Select Committee on Culture, Media and Sport Appendices to the Minutes of Evidence


Memorandum submitted by Mr T Appleyard

  It has been noted that Government has many regulatory bodies, however, when you ask who should deal with what no[one] can tell you and the problem goes round in circles without resolution. Whether you have an individual regulator or not we find that where the law is concerned we have Parliament's answer but when the matter is scrutinised the judge gives another. Where does this leave Government and legislation? This will also affect the regulator. In fact they like everyone else cannot find out the meaning of the law they apply and can like everyone else only get or give an opinion. Will all the official bodies under one regulator be able to resolve the problem of the Government's law, its application, what it means and enforcing it when no-one has managed this since Parliament began.

  At the present time the common answer is yes, the law does apply but we do not know the answer and no you cannot enquire within the judicial system because this is not how a law works. It is your opinion against another and neither of you know the answer. With hindsight you may find out from a judge but we are told by all that this is not the case so all the questions go without answer and the law.

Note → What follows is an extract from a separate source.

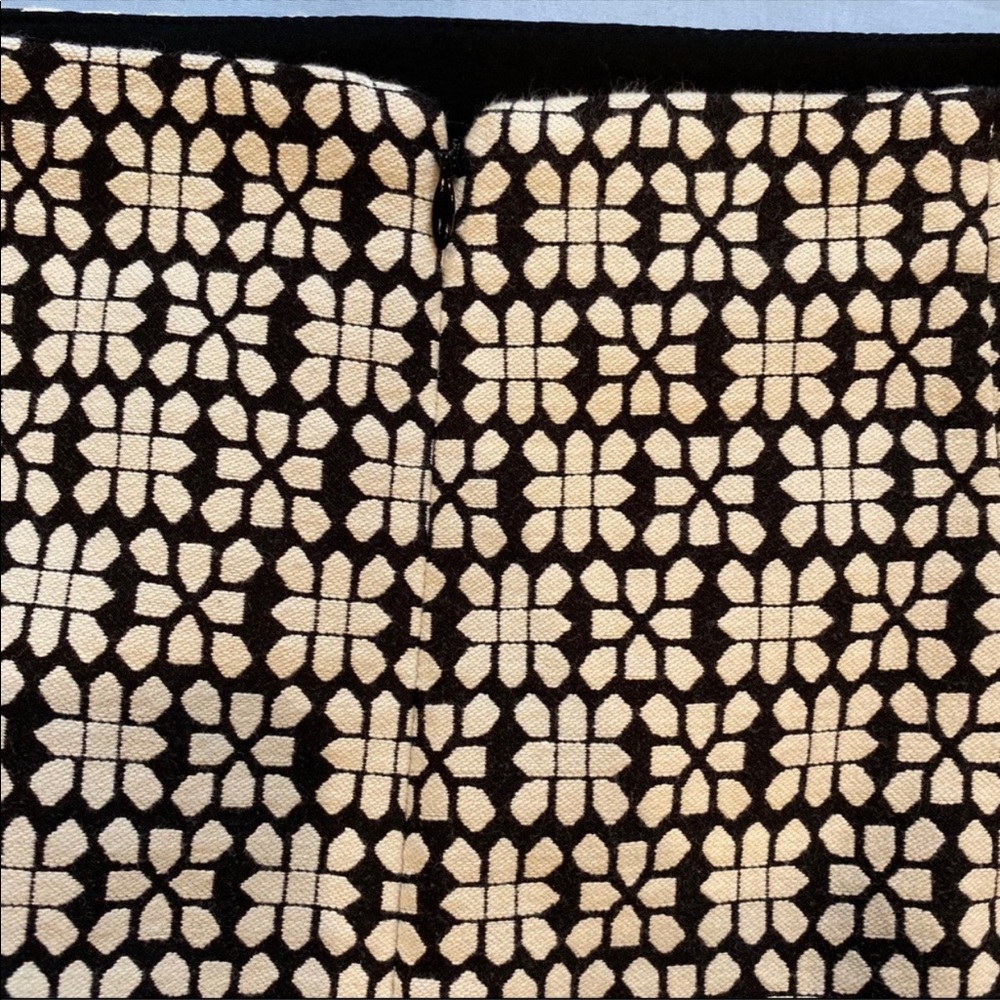 🎉HP🎉🖤Banana Republic black and white geometric skirt - Picture 4 of 6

  Will the system work to the benefit of justice or a legacy of a system no-one has looked at? How can the regulator give legal answer unless he can tell us what the law means? This they cannot do. They cannot rely on a judge to tell them after the event as this is not the working of the law. You cannot have a law which says we told you so after but this is how the law works and everyone relies on it without question or reason. If there is a new law will this have any benefit when we cannot find out what it means and we only get opinions? We in the end have no law although Parliament tells us we have.

  Would the law be the application of the law or something later and a person's opinion? You cannot resolve the question of the law unless you look at the system.

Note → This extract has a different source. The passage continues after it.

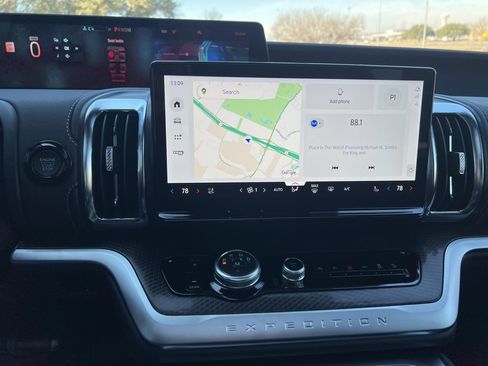 New 2026 Ford Expedition Platinum w/ Stealth Appearance Package image 21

  At the present time digital television is in fact analogue. The television is sold as digital with a set top box or one inside. This does not make the television digital. Trade description law would indicate that the digital description is a problem which the regulating bodies may wish to avoid.

  Digital television is only in theory as digital is pay to view where the signal is jumbled up to make you pay to view. If an analogue television displays digital as is used at present how can it be digital?

  Digital claims that narrow band width retains high definition pictures but the television companies had broad band licences for quality. You cannot have it both ways.

  Consumers are being told their analogue televisions are digital but no-one has explained how it can be where there are no digital televisions made and sold according to information form Philips Electronics as quoted over the media.

  No-one has said what will happen to television when the only company is Sky is reported to be subsidised by it parent company. Is this to be wide variety or a monopoly? Is it to be terrestrial or via a satellite?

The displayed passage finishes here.